Com pouco menos de três meses para executar as obras necessárias, a Prefeitura conseguiu uma vitória nos últimos dias com a dispensa do processo licitatório para empregar os R$ 1.440.000 garantidos junto ao Ministério do Esporte. Assim, de acordo com Canalli, a Empresa Municipal de Pavimentação e Urbanização (Empav) vai assumir os trabalhos, e a pasta esportiva local atuará como entidade fiscalizadora. "Já tivemos uma reunião essa semana, teremos outra e passaremos à assinatura do contrato para a execução das obras nos vestiários e no gramado. A partir daí, a SEL passa a atuar como fiscal de como está o progresso dos trabalhos. Acredito que nos próximos dias sejam iniciadas as intervenções", prevê o secretário.

 

Acesso

Outros aspecto que preocupa no contexto de tentar impressionar as seleções estrangeiras é o acesso entre o Estádio Municipal e o Village Haras Morena. As estradas principais que ligam Juiz de Fora às proximidades do local – a União Indústria e a BR-040 – estão em ótimo estado. Mas um trecho de apenas 2,5km, entre o distrito de Cedofeita, em Matias, e o Village Haras Morena, é a pedra na chuteira da candidatura regional desde a início do projeto. "Foi feita uma recuperação no meio deste ano, com o empréstimo de máquinas da Prefeitura de Juiz de Fora e material comprado por nós. Mas a época de chuvas chegou novamente e, como o trecho é de estrada de chão, está novamente precário", admite Magalhães. "A solução seria o asfaltamento, mas não vejo muita vontade política da Prefeitura de Matias Barbosa", critica.

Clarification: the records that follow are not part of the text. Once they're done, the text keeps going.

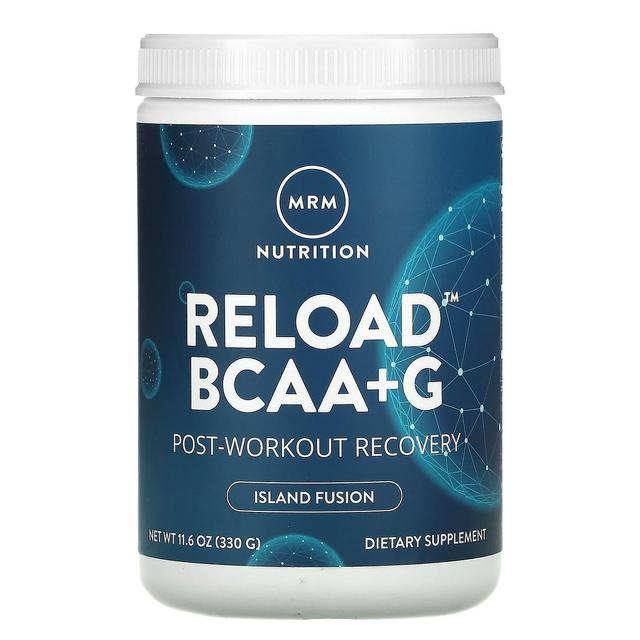 MRM Nutrition, Recarregar BCAA + G, Recuperação Pós-Treino, Island Fusion, 11,6 oz (330 g) on Productcaster.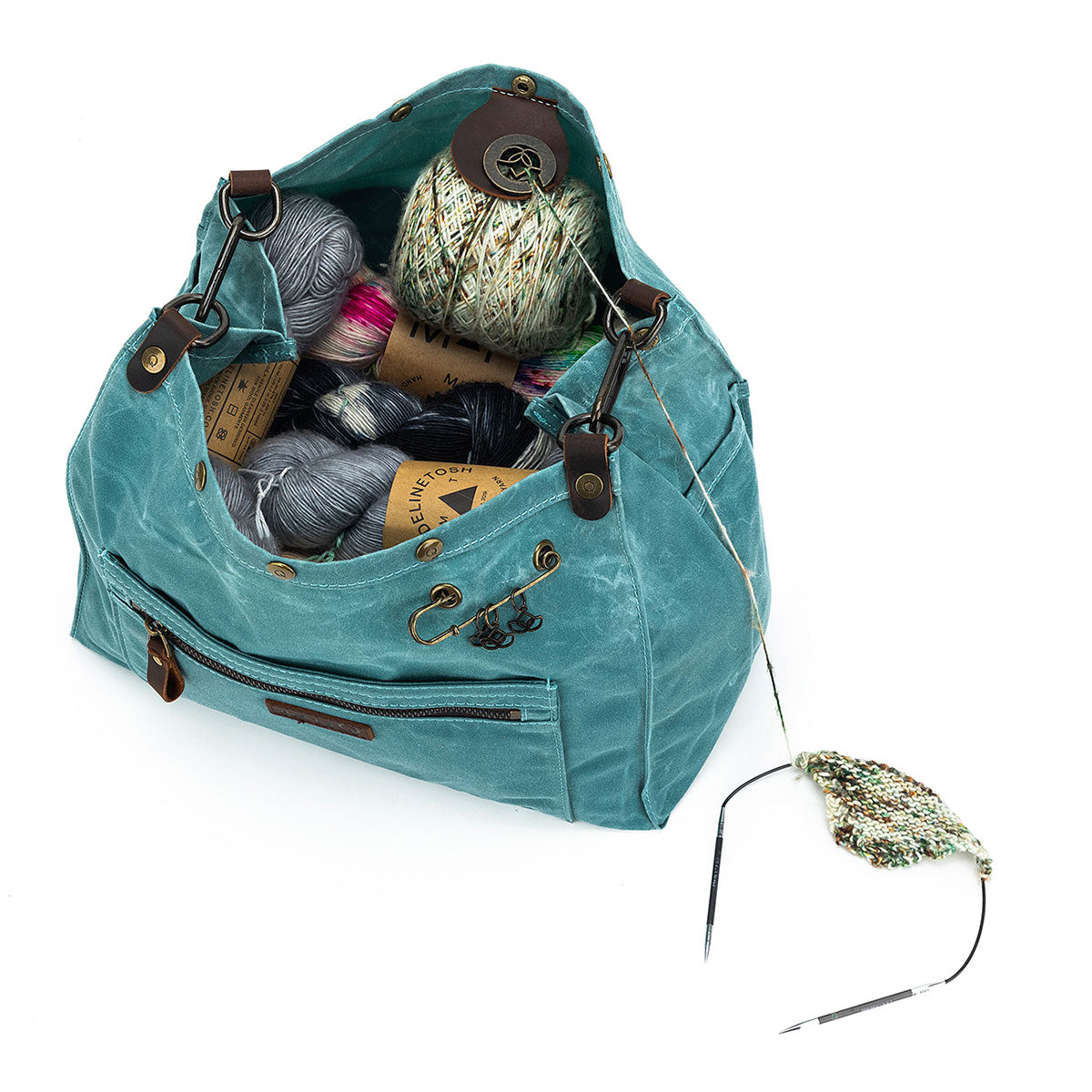 della Q Maker's Teal Canvas Rucksack - The All - in - One Crafting Essential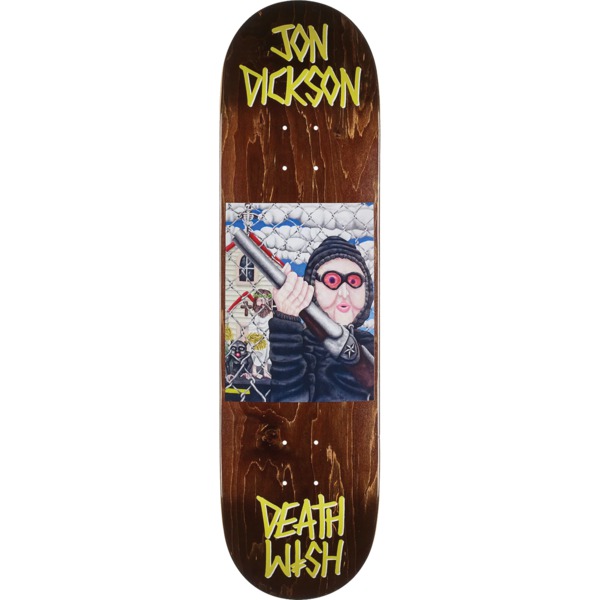 Deathwish Skateboards Jon Dickson All Screwed Up Skateboard Deck - 8.47" x 31.875"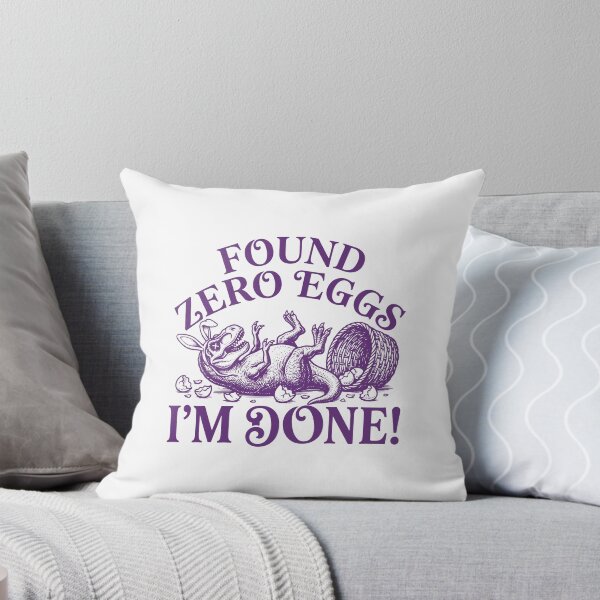 Item preview, Found Zero Eggs Im Done Funny T-Rex Easter Eggs Heat Press DTF Transfer Ready To Press designed and sold by gunaone-design.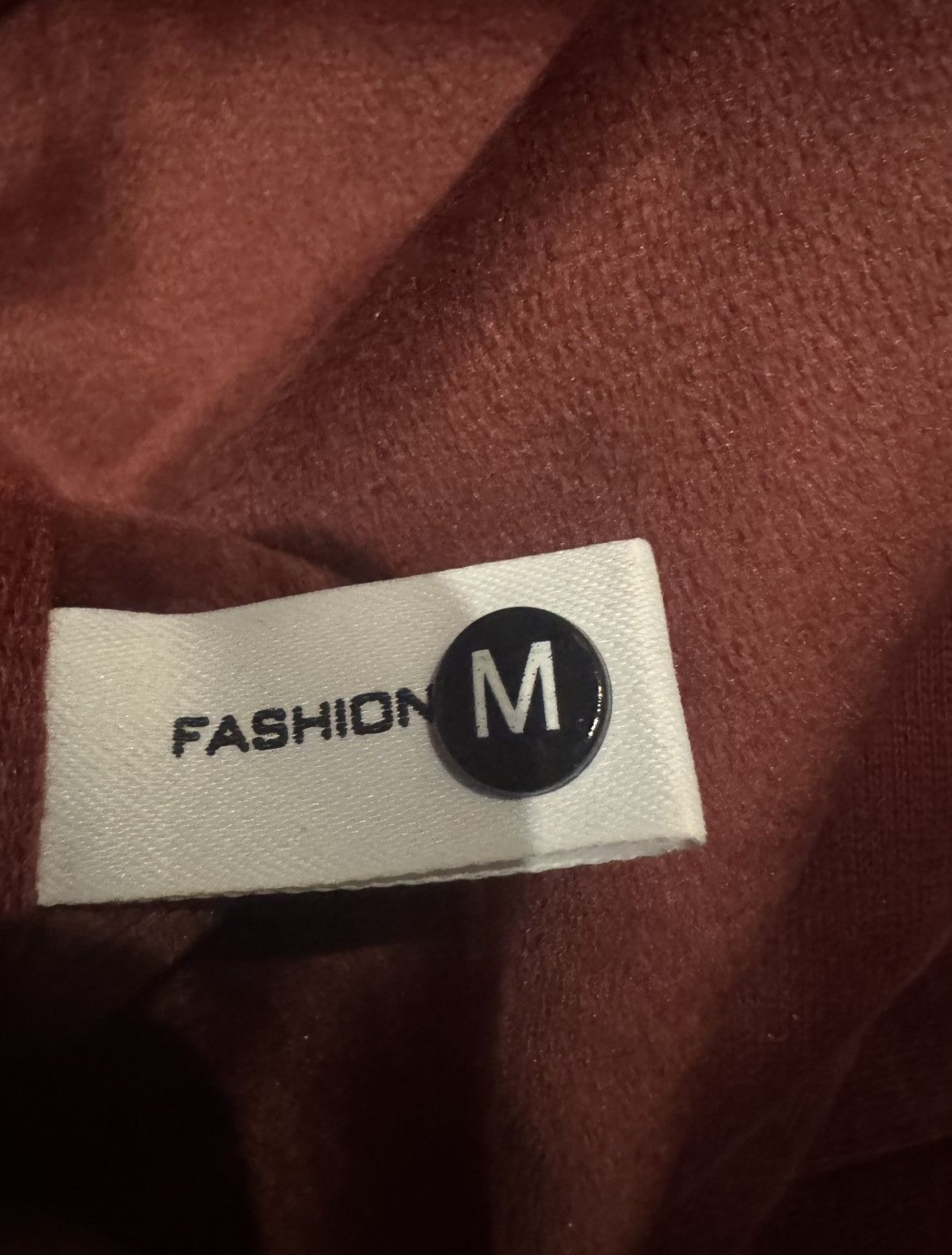 Other Burgundy Zip Hoodie “Don’t Be Sad” Size US M / EU 48-50 / 2 - 4 Thumbnail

Segundo a assessoria de imprensa da Prefeitura de Matias, está agendada a manutenção permanente desse trecho da estrada, mas o período é de muita demanda por conta das chuvas. Ainda de acordo com o setor de comunicação do município vizinho a Juiz de Fora, para que seja asfaltado o trecho em questão teria de haver liberação de verbas do Governo federal ou do estadual.